_INSTRUCTIONS FOR THE TASK_: Without changing a thing, reproduce the entire listing and leave out its pictures.

╭─ DATA SHOWN

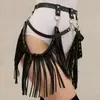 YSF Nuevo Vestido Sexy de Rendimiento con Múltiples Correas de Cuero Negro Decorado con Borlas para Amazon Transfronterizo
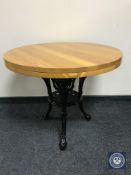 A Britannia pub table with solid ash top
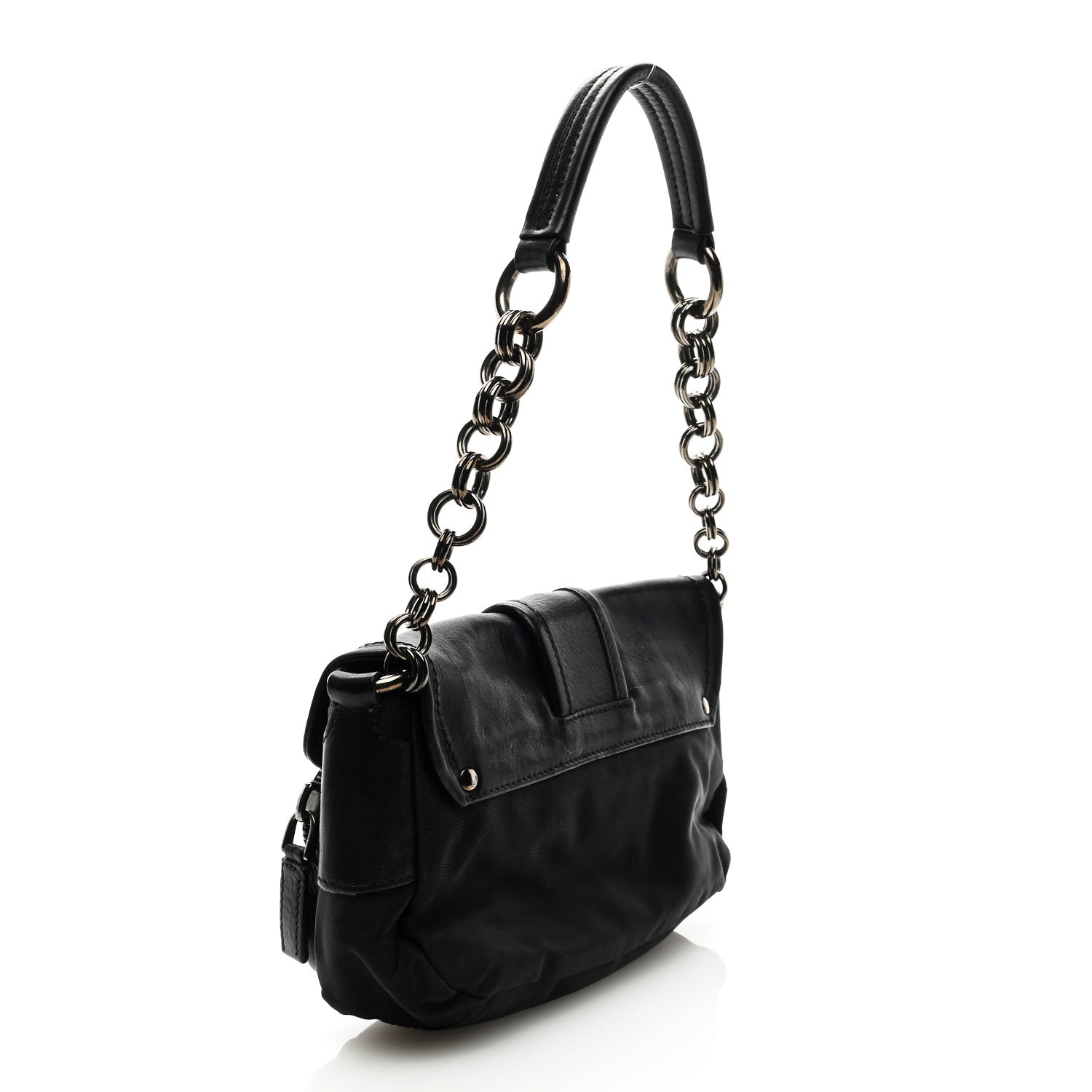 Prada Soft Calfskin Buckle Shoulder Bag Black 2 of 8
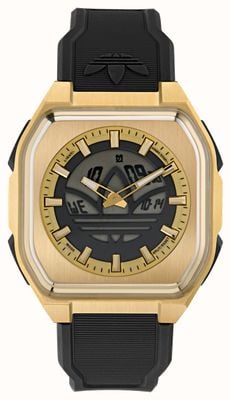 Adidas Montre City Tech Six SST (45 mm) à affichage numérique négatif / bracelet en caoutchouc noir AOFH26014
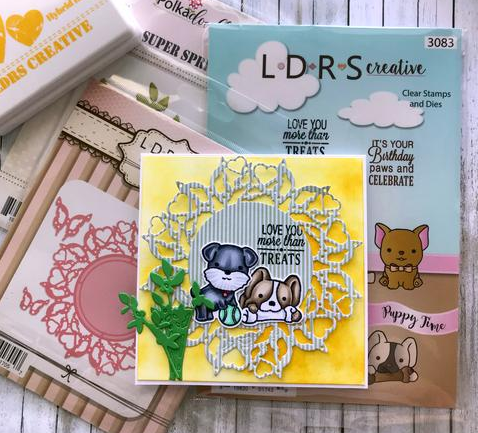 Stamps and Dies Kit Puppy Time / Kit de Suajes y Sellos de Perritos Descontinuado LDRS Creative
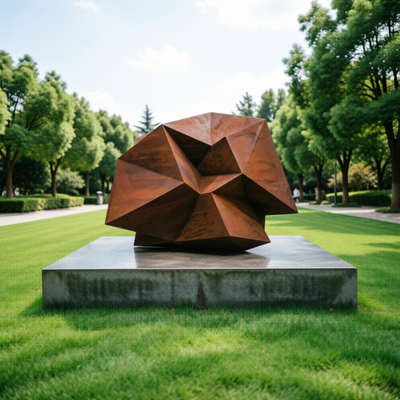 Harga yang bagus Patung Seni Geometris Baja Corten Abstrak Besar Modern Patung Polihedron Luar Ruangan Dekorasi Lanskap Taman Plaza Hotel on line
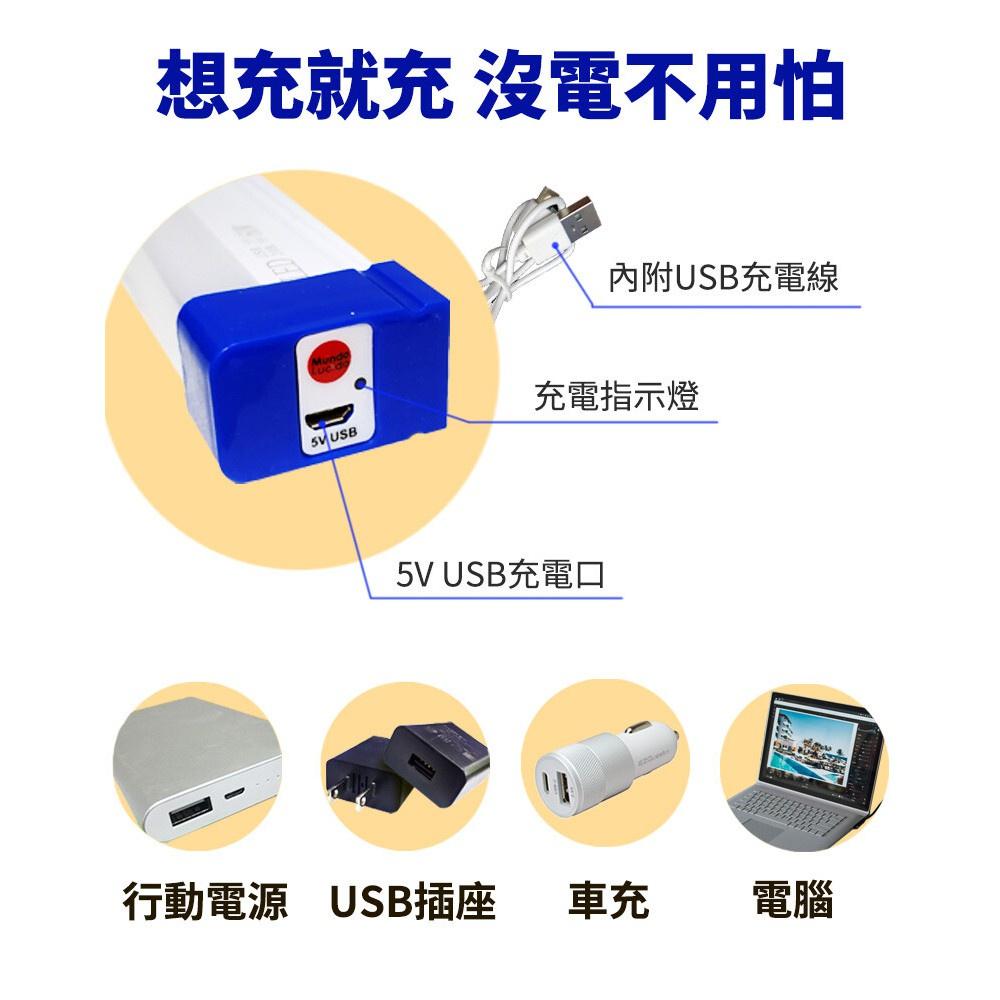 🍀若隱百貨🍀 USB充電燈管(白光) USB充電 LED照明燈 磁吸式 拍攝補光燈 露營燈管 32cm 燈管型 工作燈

╰─

_ANSWER BELOW_:
 YSF Nuevo Vestido Sexy de Rendimiento con Múltiples Correas de Cuero Negro Decorado con Borlas para Amazon Transfronterizo
 A Britannia pub table with solid ash top
 Prada Soft Calfskin Buckle Shoulder Bag Black 2 of 8
 Adidas Montre City Tech Six SST (45 mm) à affichage numérique négatif / bracelet en caoutchouc noir AOFH26014
 Stamps and Dies Kit Puppy Time / Kit de Suajes y Sellos de Perritos Descontinuado LDRS Creative
 Harga yang bagus Patung Seni Geometris Baja Corten Abstrak Besar Modern Patung Polihedron Luar Ruangan Dekorasi Lanskap Taman Plaza Hotel on line
 🍀若隱百貨🍀 USB充電燈管(白光) USB充電 LED照明燈 磁吸式 拍攝補光燈 露營燈管 32cm 燈管型 工作燈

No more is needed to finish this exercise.